V. Pros and Cons and Application Scenarios
Advantages
-
Code volume is very small
Around 300k (after compression) JavaScript logic rewritten with WebAssembly, volume is only around 90k
But using WebAssembly needs to introduce a 50k-100k JavaScript library as infrastructure
-
Security slightly improved
Although source code corresponding WebAssembly text instructions still completely uncovered, reverse engineering cost is higher
-
Performance improvement
Theoretically WebAssembly has execution performance close to native, because skips interpretation phase, and file volume also has advantages in transmission
Of course, premise is in scenarios with large business code volume, and requiring extreme performance, in benchmark and other repeatedly executed scenarios, JIT is not much slower than AOT
Disadvantages
Currently limited capabilities:
-
Only supports several basic data types (i32 / i64 / f32 / f64 / i8 / i16)
-
Cannot directly access DOM and other Web APIs
-
Cannot control GC
Application Scenarios
WebAssembly defines a standard executable binary format for browsers, this way more developers can participate through unified compilation mechanism, jointly build prosperous Web ecosystem, vision is beautiful, but faces some practical problems.

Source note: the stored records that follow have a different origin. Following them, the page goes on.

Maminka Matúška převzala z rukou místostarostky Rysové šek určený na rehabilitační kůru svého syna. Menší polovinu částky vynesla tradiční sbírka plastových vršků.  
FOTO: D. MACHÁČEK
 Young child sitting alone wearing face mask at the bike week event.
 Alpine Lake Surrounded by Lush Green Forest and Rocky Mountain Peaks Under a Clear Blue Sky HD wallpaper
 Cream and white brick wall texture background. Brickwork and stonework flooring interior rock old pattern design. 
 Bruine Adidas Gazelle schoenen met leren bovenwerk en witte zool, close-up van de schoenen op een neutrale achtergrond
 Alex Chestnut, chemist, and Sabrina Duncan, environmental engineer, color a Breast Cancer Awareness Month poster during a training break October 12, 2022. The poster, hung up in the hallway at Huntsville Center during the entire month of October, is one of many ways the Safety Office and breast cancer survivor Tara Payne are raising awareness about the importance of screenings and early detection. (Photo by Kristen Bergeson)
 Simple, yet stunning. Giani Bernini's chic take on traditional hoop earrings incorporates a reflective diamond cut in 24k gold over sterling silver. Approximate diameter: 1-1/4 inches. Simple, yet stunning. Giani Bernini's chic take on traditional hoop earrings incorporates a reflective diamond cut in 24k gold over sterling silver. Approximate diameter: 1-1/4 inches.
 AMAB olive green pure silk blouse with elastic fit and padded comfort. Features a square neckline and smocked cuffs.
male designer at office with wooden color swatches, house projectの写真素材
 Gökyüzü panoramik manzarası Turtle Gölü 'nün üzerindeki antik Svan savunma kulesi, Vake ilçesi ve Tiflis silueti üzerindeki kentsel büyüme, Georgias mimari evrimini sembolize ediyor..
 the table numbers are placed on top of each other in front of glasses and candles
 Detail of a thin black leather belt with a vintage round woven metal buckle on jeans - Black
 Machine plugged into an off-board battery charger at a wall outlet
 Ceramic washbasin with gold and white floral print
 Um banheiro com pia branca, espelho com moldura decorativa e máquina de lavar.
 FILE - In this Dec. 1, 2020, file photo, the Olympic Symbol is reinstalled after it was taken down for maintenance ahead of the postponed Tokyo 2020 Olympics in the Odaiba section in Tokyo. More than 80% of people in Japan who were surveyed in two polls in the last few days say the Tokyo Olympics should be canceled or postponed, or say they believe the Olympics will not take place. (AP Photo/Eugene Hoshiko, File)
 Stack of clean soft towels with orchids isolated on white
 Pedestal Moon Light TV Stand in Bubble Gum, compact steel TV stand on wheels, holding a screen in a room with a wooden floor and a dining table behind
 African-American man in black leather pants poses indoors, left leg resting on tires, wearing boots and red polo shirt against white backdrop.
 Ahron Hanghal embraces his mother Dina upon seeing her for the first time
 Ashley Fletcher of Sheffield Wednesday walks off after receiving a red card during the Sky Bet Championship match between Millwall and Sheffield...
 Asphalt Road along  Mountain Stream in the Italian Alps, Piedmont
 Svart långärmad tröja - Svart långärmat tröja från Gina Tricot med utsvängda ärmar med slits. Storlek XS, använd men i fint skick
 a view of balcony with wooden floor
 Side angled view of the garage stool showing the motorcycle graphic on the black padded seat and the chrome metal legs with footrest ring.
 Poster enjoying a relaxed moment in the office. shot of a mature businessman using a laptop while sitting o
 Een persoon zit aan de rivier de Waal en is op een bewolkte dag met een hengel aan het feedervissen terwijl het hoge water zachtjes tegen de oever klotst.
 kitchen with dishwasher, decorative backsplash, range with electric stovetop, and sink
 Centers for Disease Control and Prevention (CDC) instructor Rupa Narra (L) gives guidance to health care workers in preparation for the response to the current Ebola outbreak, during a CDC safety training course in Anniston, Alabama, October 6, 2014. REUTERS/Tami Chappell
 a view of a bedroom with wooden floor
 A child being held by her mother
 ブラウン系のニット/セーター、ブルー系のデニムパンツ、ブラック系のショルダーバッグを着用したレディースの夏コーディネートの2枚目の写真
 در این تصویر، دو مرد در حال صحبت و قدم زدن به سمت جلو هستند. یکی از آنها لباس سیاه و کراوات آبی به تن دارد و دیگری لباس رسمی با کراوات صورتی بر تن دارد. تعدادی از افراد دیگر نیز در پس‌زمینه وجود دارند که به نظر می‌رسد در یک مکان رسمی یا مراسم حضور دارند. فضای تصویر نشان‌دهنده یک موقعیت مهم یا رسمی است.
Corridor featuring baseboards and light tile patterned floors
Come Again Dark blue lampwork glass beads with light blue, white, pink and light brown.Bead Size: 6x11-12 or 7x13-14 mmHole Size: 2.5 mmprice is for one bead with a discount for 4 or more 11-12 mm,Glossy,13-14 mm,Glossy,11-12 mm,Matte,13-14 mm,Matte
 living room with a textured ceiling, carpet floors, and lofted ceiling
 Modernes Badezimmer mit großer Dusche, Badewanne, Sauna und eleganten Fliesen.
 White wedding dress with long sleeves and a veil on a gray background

First WebAssembly's original intention is "supporting high-performance applications in Web environment", to break through performance bottlenecks, so possible application scenarios are:
-
Video decoding
-
Image processing
-
3D/WebVR/AR visualization
-
Rendering engine
-
Physics engine
-
Compression/encryption algorithms
-
...and other scenarios with relatively large computation volume
Of course, some support may also be built into browsers in future, without needing to do through "extension plugins" or similar ways. But WebAssembly's true meaning is providing a capability allowing self-extension of high-performance "native" modules, after all, waiting for browsers to provide, then waiting for compatibility to be acceptable may need quite a long time, and with this capability, no need to bitterly wait for mainstream browsers on market to support certain native features, can do it yourself, and there's no compatibility differences. Conversely, may emerge a batch of popular community modules, and gradually be absorbed as browser native support, ecosystem feeds back to Web environment.
References
-
WebAssembly Practice: How to Write Code: Very good introductory guide
-
How to Comment on Browser's Latest WebAssembly Bytecode Technology?
-
WebAssembly: Silver Bullet for Solving JavaScript Chronic Diseases?
-
wasm-arrays: WebAssembly array wrapper library
No comments yet. Be the first to share your thoughts.